▸ Directions for this task
Pictures are to be dropped from the copy. Retype the listing exactly.
───── Data excerpt
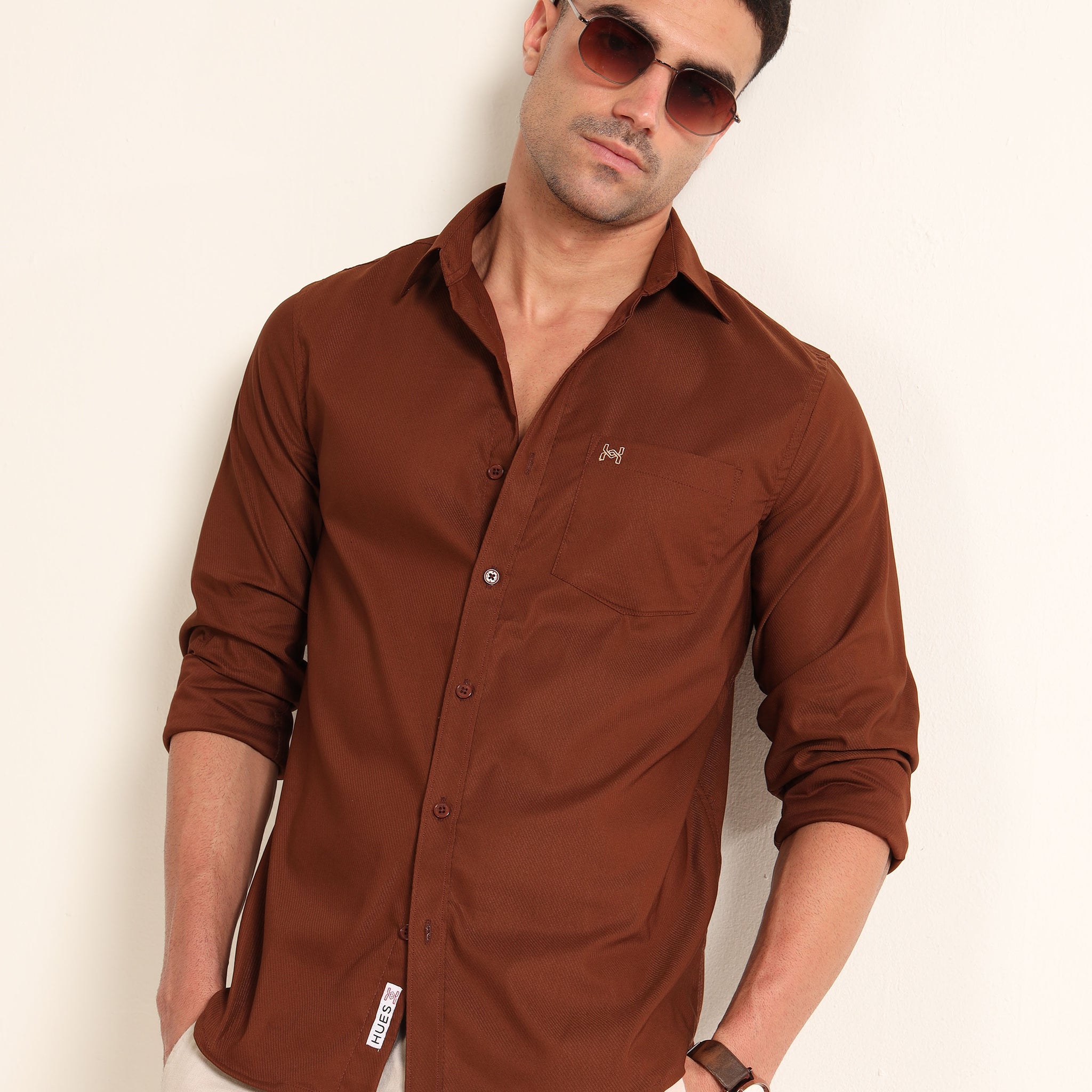 COCOA BROWN LUXE SHIRT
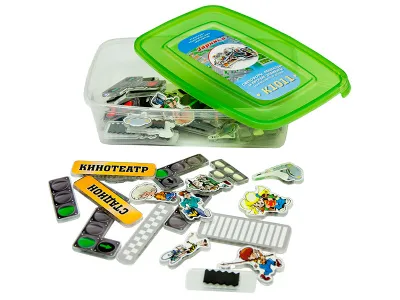 300_К1011 Комплект тематических магнитов Дорожное движение и инфраструктура 1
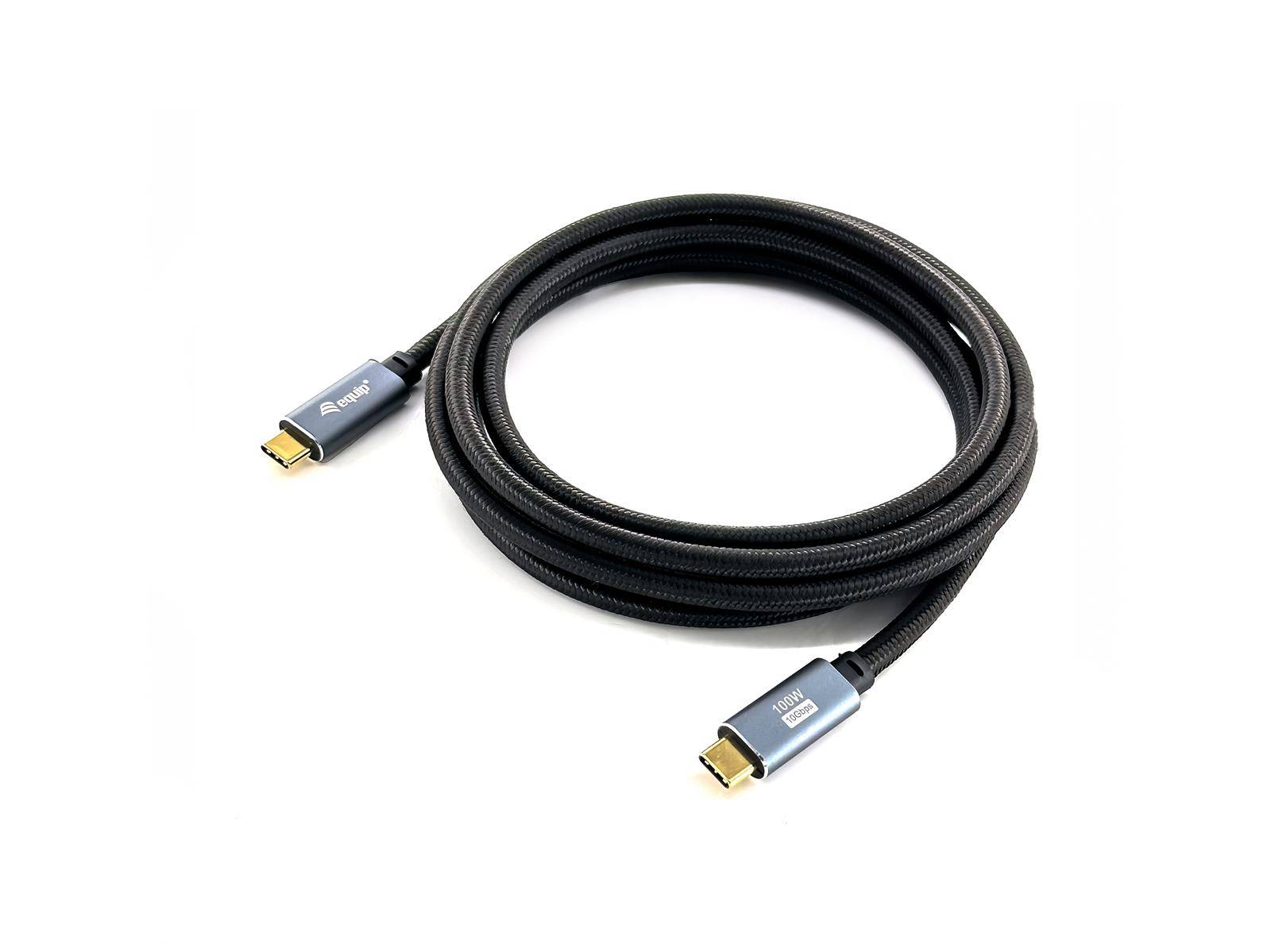 Equip 128357 Equip Kabel USB-C 3.2 -> C St/St 2.00m 5A 4K/60Hz sw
──────────
▸ Task result
 COCOA BROWN LUXE SHIRT
 300_К1011 Комплект тематических магнитов Дорожное движение и инфраструктура 1
 Equip 128357 Equip Kabel USB-C 3.2 -> C St/St 2.00m 5A 4K/60Hz sw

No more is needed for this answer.